It would be shorthand to describe Guacamelee as a melee-heavy Metroidvania with platforming puzzles built around dimension switching and your various combat abilities, with a touch of early-Lucasarts-esque humor, but that description isn’t quite adequate.
The ever-silent Juan is an Agave farmer living in a world of luchadors. His village is quickly attacked by skeletons led by the evil Carlos Calaca, his childhood girlfriend (given no name aside from El Presidente’s Daughter) is kidnapped, and he’s killed. Juan is not the kind of man to let that stop him. In the world of the dead, he comes across Tostada, an undead luchadora who gives Juan a blessed mask that turns him into an all-powerful luchador. He then comes back from the dead (with Tostada in tow, if you’re playing co-op on the PS3 version, which unfortunately the Vita version, which I played for this write-up, doesn’t have).
Upon escaping the land of the dead with the help of a portal, Juan sets off on a quest to stop Calaca from using el Presidente’s Daughter from combining the worlds of the living and the dead to make himself the ruler of both (which neither world particularly wants to have happen).
Perhaps it’s just coming off of Castlevania: Lords of Shadow – Mirror of Fate, but moving and platforming in Guacamelee feels fast. It’s not just that Juan moves at a decent clip on his own, but the game seems to be built around respecting your time. Run into a room with a number of bottomless pits you can jump into with an assortment of obstacles impeding your progress? Well, if you fall, Juan will be immediately returned to the start of the challenge with a bit less health. I far preferred this mode of checkpointing to Mirror of Fate’s overly helpful (and ultimately difficulty-removing) method and it was nice that each death didn’t lead to a game over screen.
Combat starts pretty simple. You have a three hit combo on the ground, a three hit combo in the air, and the ability to launch enemies with an uppercut, all mapped to square. Beat up on an enemy for a bit, and you can toss them in any direction with triangle (I was typically inclined towards tossing one enemy into a group of enemies). You can also roll through enemy attacks and air dodge to add a couple extra “hits” to your combo counter.
While you don’t have a whole lot of options in the beginning, practically each ability you get doubles as both a new way to attack and a platforming aid.
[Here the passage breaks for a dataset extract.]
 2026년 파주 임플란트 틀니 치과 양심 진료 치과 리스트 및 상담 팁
For instance, the Rooster Uppercut (mapped to Circle and Up) is a launcher that brings you skyward alongside your enemy, but it’s also your de facto double jump (until you get the double jump, at least, but even then it still has its uses). Between the abilities you unlock and the special throws that you can purchase (my favorite of which is a back-drop that damages surrounding enemies), combat gradually gets more complex. You’ll fight enemies while switching between the land of the living and the dead, only able to hit enemies in one dimension at a time (although you can grab an enemy, then switch dimensions do damage skeletons across worlds), using specific attacks to break enemy shields before you can combo them.
By the time you’re dealing with all of these battle complications, you’ve got yourself a versatile enough moveset to start chaining together obscenely lengthy combos, using rolls, jumps, and special abilities to keep your combos going even when you would have knocked enemies away. While there aren’t any real bonus to lengthy combos, it’s just fun to do them and be rewarded with a Spanish word or phrase I can’t understand and occasionally the creepily-grinning face of the man who teaches Juan his new luchador techniques and transforms into a goat.
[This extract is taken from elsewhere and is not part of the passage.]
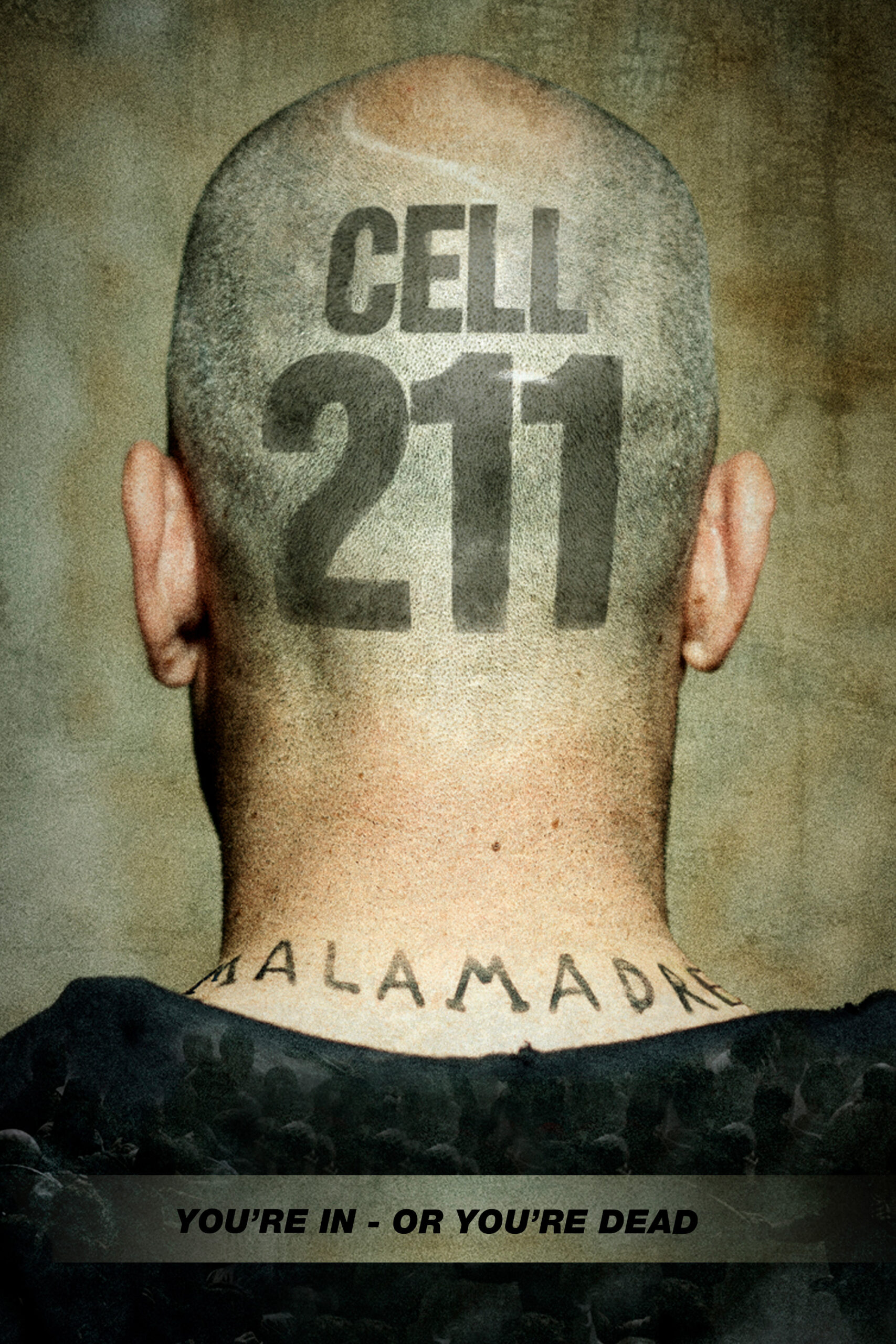 Read more about the article Cell 211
As my last sentence might have implied, Guacamelee is not afraid to have fun. Video game references and modified memes can be found everywhere. Whether it’s a poster announcing a lucha match between Mega Hombre and La Mascara (who wears a mask that bears a distinct resemblance to Majora’s Mask), the femme fatale’s frequent winking use of double entendre, or the fact that you get new luchador skills by destroying “Choozo” statues, there’s a lightness to Guacamelee that is kind of rare in games nowadays. However, despite the consistently lighthearted tone, there are still a couple moments in Guacamelee that I thought were kind of poignant. It’s nice to play a game that’s mostly humorous but isn’t afraid to get serious when it needs to.
In fact, I like that each boss, while generally pretty funny, had their own little backstory that made them somewhat empathetic. Even Flame Face, a man who was cursed to have his head burn eternally by Satan for being too evil, had a moment or two when I kind of liked him. It didn’t hurt that each boss fight felt right for the way the character had been established. My particular favorite was the fight with Jaguar Javier, the most no-nonsense of all Calaca’s underlings. He’s an honorable guy and fights you with attacks that aren’t too far from your own, with the occasional colored shield and dimension switch. It just matches his personality and the fact that I had to learn how to read his attacks to beat him felt like an honorable match between warriors.
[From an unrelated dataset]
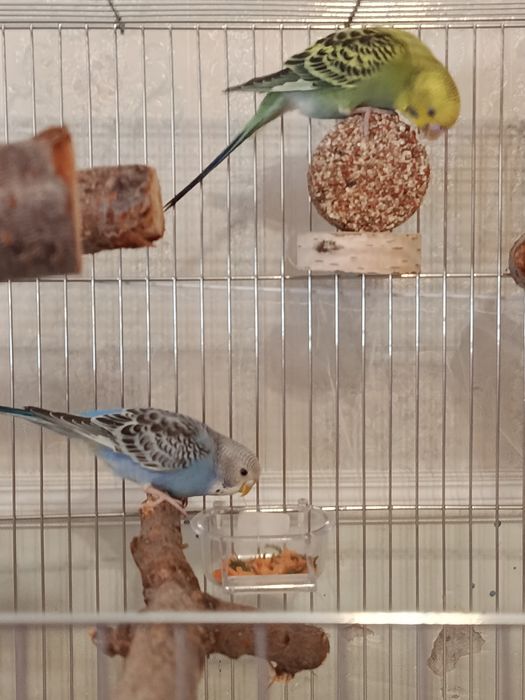 Попугаи с клетками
I think it’s the little things that I enjoyed the most about Guacamelee. I liked that you have to teach yourself how to get through some of the tougher puzzles, as opposed to having the game tell you exactly what to do before you get there. I like that there are references to games in the very brickwork of Santa Luchita. I like that the game paced in a such a way that respects your time but isn’t afraid to challenge you. Guacamelee feels like it was made by people who just love games.
Food for Thought:
1. Exploration mostly results in combat and platforming challenges, and beating those leads to treasure chests filled with cash, or what are essentially pieces of heart (or equivalent extenders for your special attack meter).
2. I liked that Juan’s trainer/goat-man makes note of the fact that one particularly powerful ability he gives you “seems exploitable.” Speaking of, Juan gains a number of very interesting abilities throughout the course of the game that I didn’t want to spoil during this playtest.